(Stored data entries)
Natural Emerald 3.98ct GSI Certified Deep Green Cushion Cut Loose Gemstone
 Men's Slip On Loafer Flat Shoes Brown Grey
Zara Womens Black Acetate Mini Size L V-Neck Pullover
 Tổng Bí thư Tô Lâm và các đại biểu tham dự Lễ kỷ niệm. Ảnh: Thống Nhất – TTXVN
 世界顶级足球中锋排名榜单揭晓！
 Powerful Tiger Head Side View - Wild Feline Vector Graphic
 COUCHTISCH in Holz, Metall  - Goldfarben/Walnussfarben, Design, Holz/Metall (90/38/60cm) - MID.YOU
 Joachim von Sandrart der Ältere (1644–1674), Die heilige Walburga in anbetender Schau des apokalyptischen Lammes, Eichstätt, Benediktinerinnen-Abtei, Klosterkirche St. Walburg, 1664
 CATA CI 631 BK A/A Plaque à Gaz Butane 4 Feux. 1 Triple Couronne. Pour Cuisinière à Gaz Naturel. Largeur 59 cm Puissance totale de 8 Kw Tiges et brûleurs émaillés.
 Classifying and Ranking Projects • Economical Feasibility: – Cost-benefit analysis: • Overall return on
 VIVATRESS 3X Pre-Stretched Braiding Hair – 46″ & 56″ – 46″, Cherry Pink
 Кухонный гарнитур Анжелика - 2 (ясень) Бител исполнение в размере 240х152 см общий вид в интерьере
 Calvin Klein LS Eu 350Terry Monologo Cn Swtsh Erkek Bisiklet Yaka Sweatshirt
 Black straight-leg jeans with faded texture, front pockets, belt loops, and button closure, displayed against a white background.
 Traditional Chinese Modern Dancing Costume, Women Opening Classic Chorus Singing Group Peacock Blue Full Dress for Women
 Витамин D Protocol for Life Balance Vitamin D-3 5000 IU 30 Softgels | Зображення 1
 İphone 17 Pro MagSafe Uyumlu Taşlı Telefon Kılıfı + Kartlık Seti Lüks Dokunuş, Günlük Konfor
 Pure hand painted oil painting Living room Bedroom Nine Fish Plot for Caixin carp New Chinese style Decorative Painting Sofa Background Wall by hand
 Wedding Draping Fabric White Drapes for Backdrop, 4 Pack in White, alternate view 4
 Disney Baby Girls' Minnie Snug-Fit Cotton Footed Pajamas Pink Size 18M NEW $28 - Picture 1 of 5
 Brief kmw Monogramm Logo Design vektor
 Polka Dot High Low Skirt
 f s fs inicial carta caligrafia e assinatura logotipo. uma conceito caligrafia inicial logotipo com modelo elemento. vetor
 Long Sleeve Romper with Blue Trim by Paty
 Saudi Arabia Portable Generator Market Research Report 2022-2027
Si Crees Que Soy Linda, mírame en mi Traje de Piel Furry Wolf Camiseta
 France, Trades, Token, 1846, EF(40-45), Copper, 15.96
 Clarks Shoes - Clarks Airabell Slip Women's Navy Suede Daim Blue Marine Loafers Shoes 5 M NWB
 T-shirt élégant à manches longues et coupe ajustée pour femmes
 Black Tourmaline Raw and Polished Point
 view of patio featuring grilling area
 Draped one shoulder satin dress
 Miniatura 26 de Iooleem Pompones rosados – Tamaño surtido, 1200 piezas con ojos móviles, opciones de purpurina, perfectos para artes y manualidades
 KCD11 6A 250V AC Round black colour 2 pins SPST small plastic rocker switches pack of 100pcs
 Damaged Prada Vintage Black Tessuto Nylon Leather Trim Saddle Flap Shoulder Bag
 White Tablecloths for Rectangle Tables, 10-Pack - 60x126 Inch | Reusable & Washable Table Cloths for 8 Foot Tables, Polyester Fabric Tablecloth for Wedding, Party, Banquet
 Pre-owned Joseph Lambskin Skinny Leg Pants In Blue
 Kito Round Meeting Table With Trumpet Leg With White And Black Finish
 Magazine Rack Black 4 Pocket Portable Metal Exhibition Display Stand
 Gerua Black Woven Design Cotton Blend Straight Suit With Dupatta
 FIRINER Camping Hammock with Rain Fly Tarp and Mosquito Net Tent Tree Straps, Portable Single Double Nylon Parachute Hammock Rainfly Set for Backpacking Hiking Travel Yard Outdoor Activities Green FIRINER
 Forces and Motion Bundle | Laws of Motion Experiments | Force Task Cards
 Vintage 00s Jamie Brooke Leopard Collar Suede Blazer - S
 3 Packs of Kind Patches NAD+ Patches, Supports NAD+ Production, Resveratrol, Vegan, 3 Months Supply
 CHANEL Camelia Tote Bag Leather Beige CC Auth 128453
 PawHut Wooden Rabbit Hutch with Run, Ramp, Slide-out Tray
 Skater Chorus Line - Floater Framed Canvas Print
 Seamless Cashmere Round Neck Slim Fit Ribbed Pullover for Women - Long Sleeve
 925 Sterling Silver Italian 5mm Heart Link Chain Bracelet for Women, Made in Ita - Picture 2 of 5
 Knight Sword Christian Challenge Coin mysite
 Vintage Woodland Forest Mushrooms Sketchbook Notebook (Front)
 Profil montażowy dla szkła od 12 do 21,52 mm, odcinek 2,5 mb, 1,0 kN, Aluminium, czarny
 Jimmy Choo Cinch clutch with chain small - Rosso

* **Assignment**
Exact transcription of the records is all that is wanted.

* **Answer for this exercise**
Natural Emerald 3.98ct GSI Certified Deep Green Cushion Cut Loose Gemstone
 Men's Slip On Loafer Flat Shoes Brown Grey
Zara Womens Black Acetate Mini Size L V-Neck Pullover
 Tổng Bí thư Tô Lâm và các đại biểu tham dự Lễ kỷ niệm. Ảnh: Thống Nhất – TTXVN
 世界顶级足球中锋排名榜单揭晓！
 Powerful Tiger Head Side View - Wild Feline Vector Graphic
 COUCHTISCH in Holz, Metall  - Goldfarben/Walnussfarben, Design, Holz/Metall (90/38/60cm) - MID.YOU
 Joachim von Sandrart der Ältere (1644–1674), Die heilige Walburga in anbetender Schau des apokalyptischen Lammes, Eichstätt, Benediktinerinnen-Abtei, Klosterkirche St. Walburg, 1664
 CATA CI 631 BK A/A Plaque à Gaz Butane 4 Feux. 1 Triple Couronne. Pour Cuisinière à Gaz Naturel. Largeur 59 cm Puissance totale de 8 Kw Tiges et brûleurs émaillés.
 Classifying and Ranking Projects • Economical Feasibility: – Cost-benefit analysis: • Overall return on
 VIVATRESS 3X Pre-Stretched Braiding Hair – 46″ & 56″ – 46″, Cherry Pink
 Кухонный гарнитур Анжелика - 2 (ясень) Бител исполнение в размере 240х152 см общий вид в интерьере
 Calvin Klein LS Eu 350Terry Monologo Cn Swtsh Erkek Bisiklet Yaka Sweatshirt
 Black straight-leg jeans with faded texture, front pockets, belt loops, and button closure, displayed against a white background.
 Traditional Chinese Modern Dancing Costume, Women Opening Classic Chorus Singing Group Peacock Blue Full Dress for Women
 Витамин D Protocol for Life Balance Vitamin D-3 5000 IU 30 Softgels | Зображення 1
 İphone 17 Pro MagSafe Uyumlu Taşlı Telefon Kılıfı + Kartlık Seti Lüks Dokunuş, Günlük Konfor
 Pure hand painted oil painting Living room Bedroom Nine Fish Plot for Caixin carp New Chinese style Decorative Painting Sofa Background Wall by hand
 Wedding Draping Fabric White Drapes for Backdrop, 4 Pack in White, alternate view 4
 Disney Baby Girls' Minnie Snug-Fit Cotton Footed Pajamas Pink Size 18M NEW $28 - Picture 1 of 5
 Brief kmw Monogramm Logo Design vektor
 Polka Dot High Low Skirt
 f s fs inicial carta caligrafia e assinatura logotipo. uma conceito caligrafia inicial logotipo com modelo elemento. vetor
 Long Sleeve Romper with Blue Trim by Paty
 Saudi Arabia Portable Generator Market Research Report 2022-2027
Si Crees Que Soy Linda, mírame en mi Traje de Piel Furry Wolf Camiseta
 France, Trades, Token, 1846, EF(40-45), Copper, 15.96
 Clarks Shoes - Clarks Airabell Slip Women's Navy Suede Daim Blue Marine Loafers Shoes 5 M NWB
 T-shirt élégant à manches longues et coupe ajustée pour femmes
 Black Tourmaline Raw and Polished Point
 view of patio featuring grilling area
 Draped one shoulder satin dress
 Miniatura 26 de Iooleem Pompones rosados – Tamaño surtido, 1200 piezas con ojos móviles, opciones de purpurina, perfectos para artes y manualidades
 KCD11 6A 250V AC Round black colour 2 pins SPST small plastic rocker switches pack of 100pcs
 Damaged Prada Vintage Black Tessuto Nylon Leather Trim Saddle Flap Shoulder Bag
 White Tablecloths for Rectangle Tables, 10-Pack - 60x126 Inch | Reusable & Washable Table Cloths for 8 Foot Tables, Polyester Fabric Tablecloth for Wedding, Party, Banquet
 Pre-owned Joseph Lambskin Skinny Leg Pants In Blue
 Kito Round Meeting Table With Trumpet Leg With White And Black Finish
 Magazine Rack Black 4 Pocket Portable Metal Exhibition Display Stand
 Gerua Black Woven Design Cotton Blend Straight Suit With Dupatta
 FIRINER Camping Hammock with Rain Fly Tarp and Mosquito Net Tent Tree Straps, Portable Single Double Nylon Parachute Hammock Rainfly Set for Backpacking Hiking Travel Yard Outdoor Activities Green FIRINER
 Forces and Motion Bundle | Laws of Motion Experiments | Force Task Cards
 Vintage 00s Jamie Brooke Leopard Collar Suede Blazer - S
 3 Packs of Kind Patches NAD+ Patches, Supports NAD+ Production, Resveratrol, Vegan, 3 Months Supply
 CHANEL Camelia Tote Bag Leather Beige CC Auth 128453
 PawHut Wooden Rabbit Hutch with Run, Ramp, Slide-out Tray
 Skater Chorus Line - Floater Framed Canvas Print
 Seamless Cashmere Round Neck Slim Fit Ribbed Pullover for Women - Long Sleeve
 925 Sterling Silver Italian 5mm Heart Link Chain Bracelet for Women, Made in Ita - Picture 2 of 5
 Knight Sword Christian Challenge Coin mysite
 Vintage Woodland Forest Mushrooms Sketchbook Notebook (Front)
 Profil montażowy dla szkła od 12 do 21,52 mm, odcinek 2,5 mb, 1,0 kN, Aluminium, czarny
 Jimmy Choo Cinch clutch with chain small - Rosso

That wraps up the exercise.